LOWELL, MASS. AT TSONGAS CENTER
AIRED LIVE ON PEACOCK
Commentators: Vic Joseph & Booker T
Ring Announcer: Alicia Taylor
Torch subscribers can check out a VIP roundtable later as Bruce Hazelwood, Nate Lindberg (who will be attending the show) and I break down our thoughts.
-There was a video of big happenings in Lowell, including Rock’s first championship win, then some local hype Carmelo Hayes did before the show tonight in his backyard.
There were some friendly angles showing a mostly full crowd, though Nate Lindberg reports that the hard cam side is entirely tarped off.
(1) WES LEE (c) vs. TYLER BATE vs. JOE GACY (w/Ava) – Triple threat match for the NXT North American Championship
Champion Lee entered first to a strong reaction as the announcers mentioned he’d be the champion with the most total defenses with a win tonight. Bate entered next as the announcers talked about whether Bate was underhanded or not in working toward this match. Gacy entered last, with Ava (in preparation for their contracts running out, Jagger Reid and Rip Fowler haven’t entered with Gacy for weeks now despite occasionally being on TV otherwise).
Quick rollups by all three guys to start, then a reset. Bate and Lee agreed to attack Gacy but Bate stayed back and it was a moment. Gacy got dumped and the babyfaces paired off. Before they could pair off, Gacy tried to stir something between them.
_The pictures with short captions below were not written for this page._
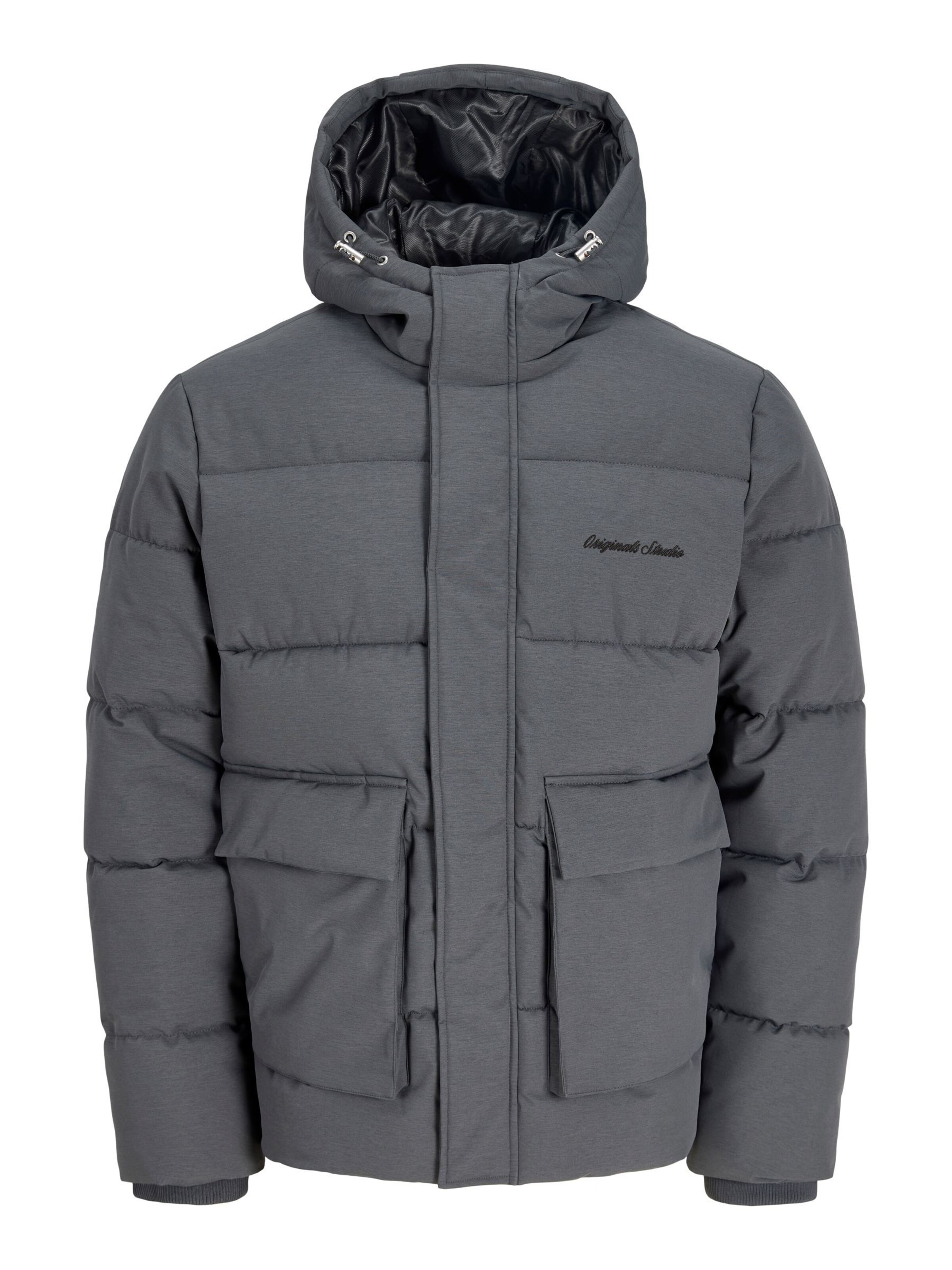 JACK & JONES Winterjas in Grijs: voorkant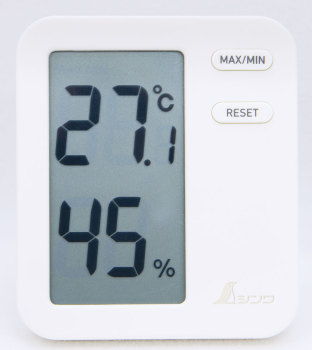 亲和测定 数显温湿度计 HomeA白色透明包装 73044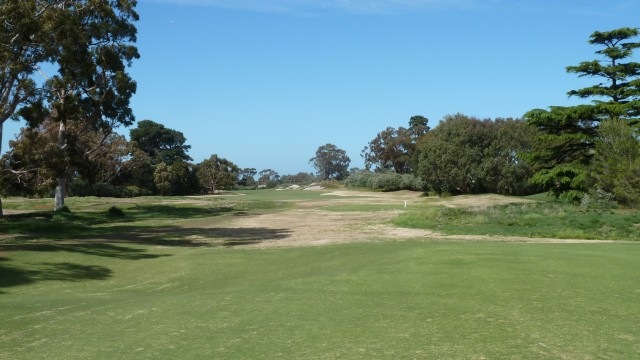 The 14th tee at Kingston Heath Golf Club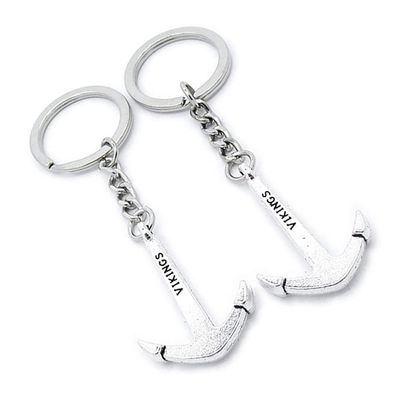 10 Pieces Keychain Keyring Door Car Key Chain Ring Tag Charms Supplies GM8U5H Vikings Boat Anchor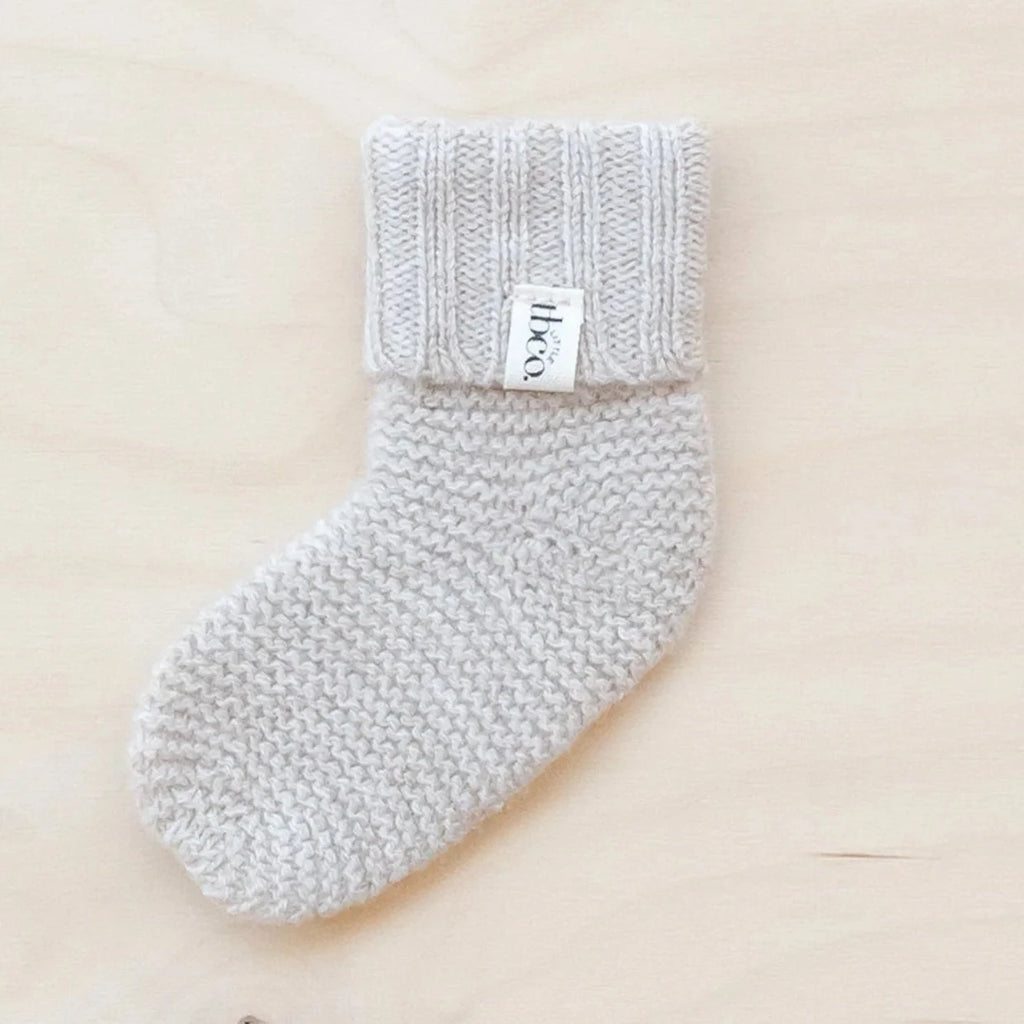 Tartan Merino Wool Socks - Oatmeal Melange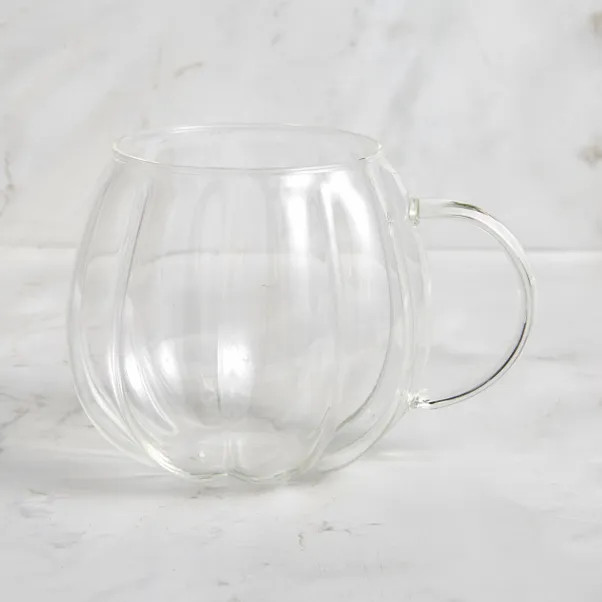 Pumpkin Glass Mug | Dunelm
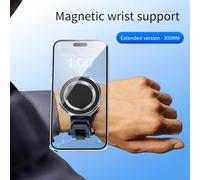 360 Degree Magnetic Rotating Wristband Phone Holder for Secure Hands Operation in Hiking Cycling Sports and Video Recording (Extended Version)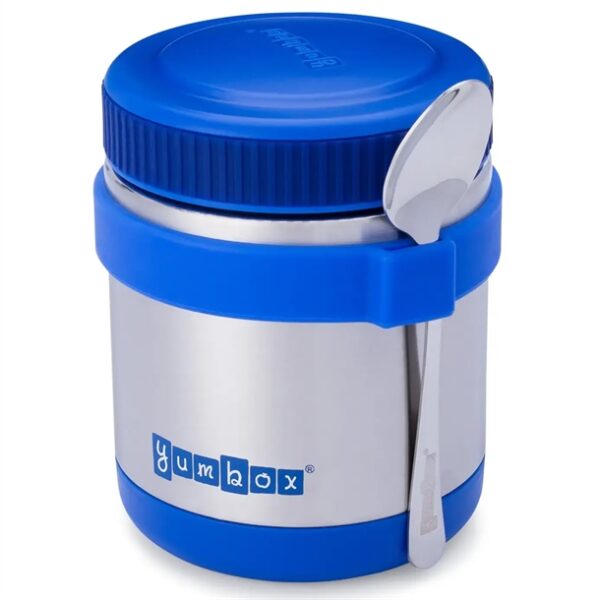 Yumbox Termoskål m. Ske - 420 ml - Neptune Blue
The faces went out and threw some hands at Gacy, then rolled him inside but couldn’t agree on who would enter first to try a cover. They exchanged fists and Gacy hit them with a tope. Bate entered and Gacy hit him with a slam and covered for two; Lee broke it up.
Bate and Gacy paired off and Lee flew over the top and rolled up Gacy for another near-fall. Lee punched down to Gacy and Gacy bailed to a corner. The faces exchanged some more shots. Bate hit a leaping uppercut on Lee and a suplex on Gacy. Exploder and a standing shooting star press for Lee. Gacy flew in and Bate evaded the senton, then hit bop and bang on Gacy. Bate put Gacy up in a fireman’s carry and did a big swing on Lee at the same time to oohs and aahs. Bate covered Gacy and Lee broke it up.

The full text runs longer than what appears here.